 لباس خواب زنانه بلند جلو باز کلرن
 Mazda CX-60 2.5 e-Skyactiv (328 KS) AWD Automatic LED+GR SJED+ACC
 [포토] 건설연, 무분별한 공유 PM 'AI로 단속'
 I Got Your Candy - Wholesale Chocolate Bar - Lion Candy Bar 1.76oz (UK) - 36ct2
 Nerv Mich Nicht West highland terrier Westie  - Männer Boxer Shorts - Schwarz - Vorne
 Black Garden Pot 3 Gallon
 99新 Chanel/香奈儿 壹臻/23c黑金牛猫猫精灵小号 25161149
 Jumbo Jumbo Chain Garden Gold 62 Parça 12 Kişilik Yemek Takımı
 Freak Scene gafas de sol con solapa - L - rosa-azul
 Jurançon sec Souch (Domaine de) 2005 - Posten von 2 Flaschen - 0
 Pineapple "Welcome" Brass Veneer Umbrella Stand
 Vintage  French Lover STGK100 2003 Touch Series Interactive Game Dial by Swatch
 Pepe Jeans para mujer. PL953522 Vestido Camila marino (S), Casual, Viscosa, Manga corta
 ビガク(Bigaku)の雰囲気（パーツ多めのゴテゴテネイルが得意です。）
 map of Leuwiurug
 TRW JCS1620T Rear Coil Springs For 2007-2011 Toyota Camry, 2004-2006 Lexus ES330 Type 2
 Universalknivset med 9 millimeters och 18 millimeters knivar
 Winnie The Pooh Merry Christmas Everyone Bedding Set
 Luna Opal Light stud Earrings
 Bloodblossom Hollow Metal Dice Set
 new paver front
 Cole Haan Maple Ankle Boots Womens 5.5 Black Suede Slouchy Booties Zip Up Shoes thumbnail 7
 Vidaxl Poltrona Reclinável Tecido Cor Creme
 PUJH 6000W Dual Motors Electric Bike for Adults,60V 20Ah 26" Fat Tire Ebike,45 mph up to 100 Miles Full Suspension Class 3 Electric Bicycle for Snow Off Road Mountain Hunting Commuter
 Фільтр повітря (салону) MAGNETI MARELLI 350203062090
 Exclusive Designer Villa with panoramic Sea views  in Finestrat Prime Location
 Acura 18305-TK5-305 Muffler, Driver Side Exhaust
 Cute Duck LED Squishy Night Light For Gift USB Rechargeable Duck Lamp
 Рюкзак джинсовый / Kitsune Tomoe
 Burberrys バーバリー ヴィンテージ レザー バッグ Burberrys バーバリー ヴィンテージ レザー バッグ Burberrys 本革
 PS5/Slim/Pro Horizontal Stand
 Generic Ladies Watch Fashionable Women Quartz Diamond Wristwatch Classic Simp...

• _PROMPT_
Above are the records. Copy the lines beginning at the one that has "Jurançon sec Souch" and ending with the one that has "Cole Haan Maple", unchanged.

• _EXERCISE ANSWER_
 Jurançon sec Souch (Domaine de) 2005 - Posten von 2 Flaschen - 0
 Pineapple "Welcome" Brass Veneer Umbrella Stand
 Vintage  French Lover STGK100 2003 Touch Series Interactive Game Dial by Swatch
 Pepe Jeans para mujer. PL953522 Vestido Camila marino (S), Casual, Viscosa, Manga corta
 ビガク(Bigaku)の雰囲気（パーツ多めのゴテゴテネイルが得意です。）
 map of Leuwiurug
 TRW JCS1620T Rear Coil Springs For 2007-2011 Toyota Camry, 2004-2006 Lexus ES330 Type 2
 Universalknivset med 9 millimeters och 18 millimeters knivar
 Winnie The Pooh Merry Christmas Everyone Bedding Set
 Luna Opal Light stud Earrings
 Bloodblossom Hollow Metal Dice Set
 new paver front
 Cole Haan Maple Ankle Boots Womens 5.5 Black Suede Slouchy Booties Zip Up Shoes thumbnail 7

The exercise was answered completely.